This study set the BAU scenario as the basis of the other three scenarios, that is, not interfering with the economic development of Suzhou, meeting the current economic needs and the development objectives of the planning outline. The other three scenarios were based on the BAU scenario, in which the optimization of industrial structure and energy consumption structure and the implementation of low-carbon technologies are carried out. The specific parameters were set as follows: Under the development conditions of the key parameters of population, GDP, and urbanization rate, the industrial structure will remain unchanged during 2021–2050. We used the same power and heat production structure as in the base year.
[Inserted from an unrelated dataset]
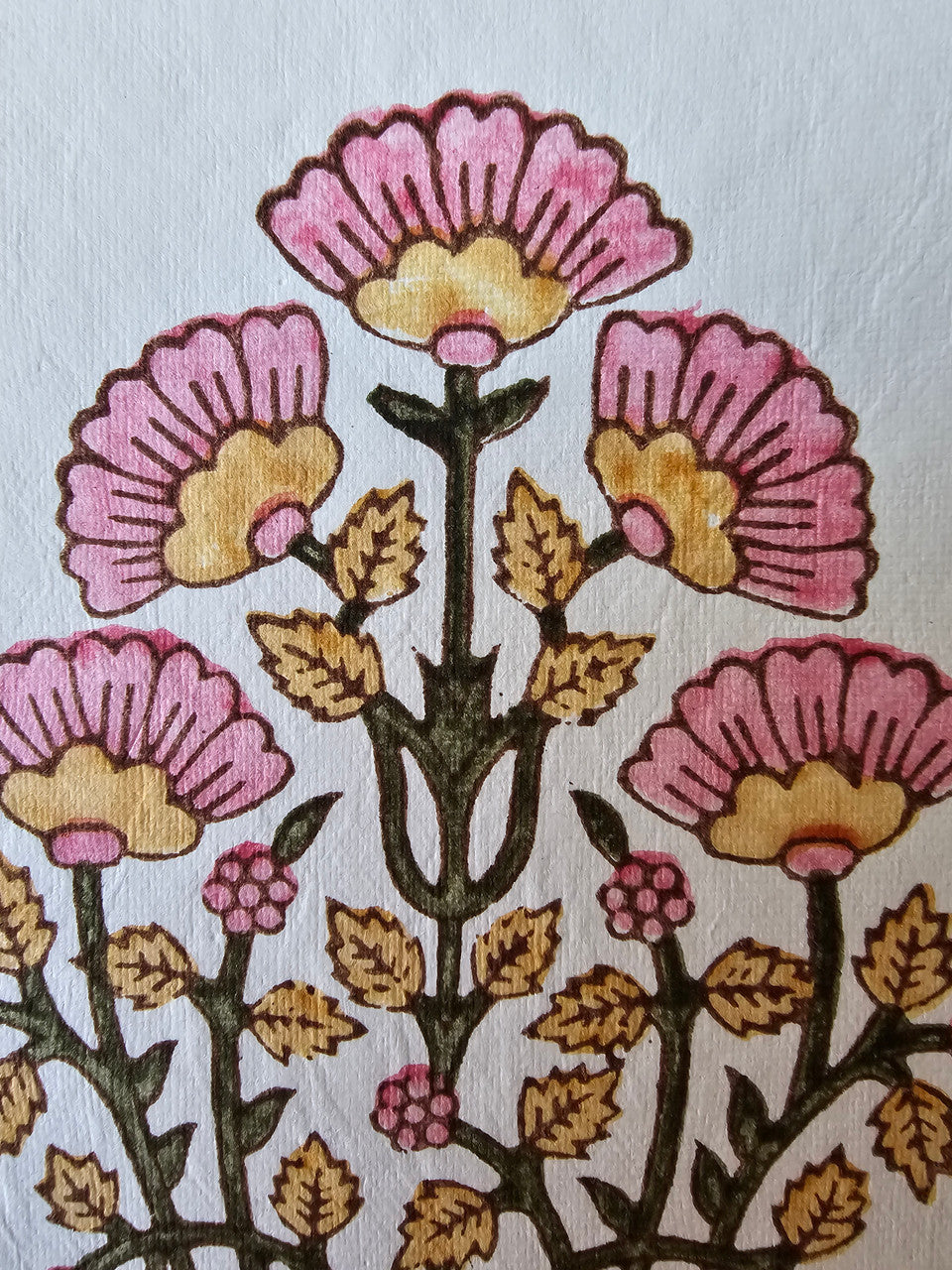 Deckled edge vintage notecard -  Mughal motif pink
The sectoral energy consumption structure will remain unchanged, and the energy intensity of all energy consumption sectors will be adjusted in accordance with the development requirements of the 13th Five-Year Plan. The reduction of energy intensity per unit GDP will meet provincial requirements, and the energy utilization efficiency and conversion efficiency of thermal power generation, heating and other processing and conversion sectors will be developed in accordance with the energy status in the base year.
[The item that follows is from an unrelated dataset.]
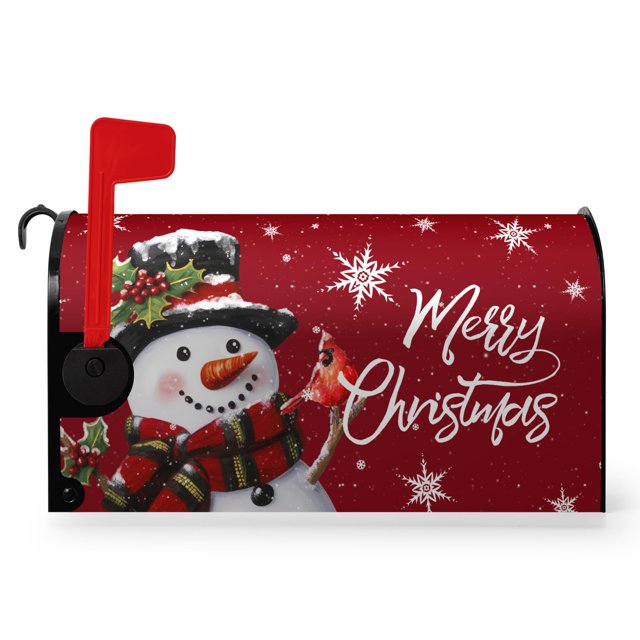 Funda para buzón Dacawin, 53 x 46 cm, diseño de muñeco de nieve navideño, color rojo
2) Industrial structure optimization scenario

Based on the BAU scenario, the energy consumption structure in the ISO scenario will maintain the base year level. Using the same electricity and heat production structure for the base year, the sectoral energy consumption structure will remain unchanged. Energy intensity and energy efficiency in all energy consumption sectors remain the same. The conversion efficiency of thermal power generation, heat supply, and other processing and conversion departments develop according to the baseline scenario energy status. This scenario focuses on developing the tertiary industry and constantly reducing the secondary industry. Industrial structure adjustment parameters are shown in Table 3.

3) Energy structure optimization scenario

TABLE 3

TABLE 3. References for the future development trend of industry proportion.

Based on the ISO scenario, to achieve energy conservation and emission reduction goals, clean coal will be developed through the renewal and transformation of energy with new equipment, scientific and technological advances, the development of renewable energy technology, and reductions in the energy consumption per unit output value and per unit GDP of various industries. In this scenario, the power generation and heating module will increase the proportion of natural gas consumption and reduce the proportion of thermal power generation, and the installed capacity of biomass, photovoltaic, and wind power is further increased. With the future power supply requirements of Jiangsu province, the scale of thermal power generation will be stable, and gas power generation will gradually establish its dominant position in power generation, and the proportion will increase to 37% in 2050. The structure of terminal energy use will change. For example, alternative energy such as natural gas will be installed in the transport sector, and the proportion will increase by 10% every 10 years. In combination with Suzhou’s energy resources, the proportion of renewable energy consumption will continue to increase. Details of parameter settings are recorded in Supplementary Table S1.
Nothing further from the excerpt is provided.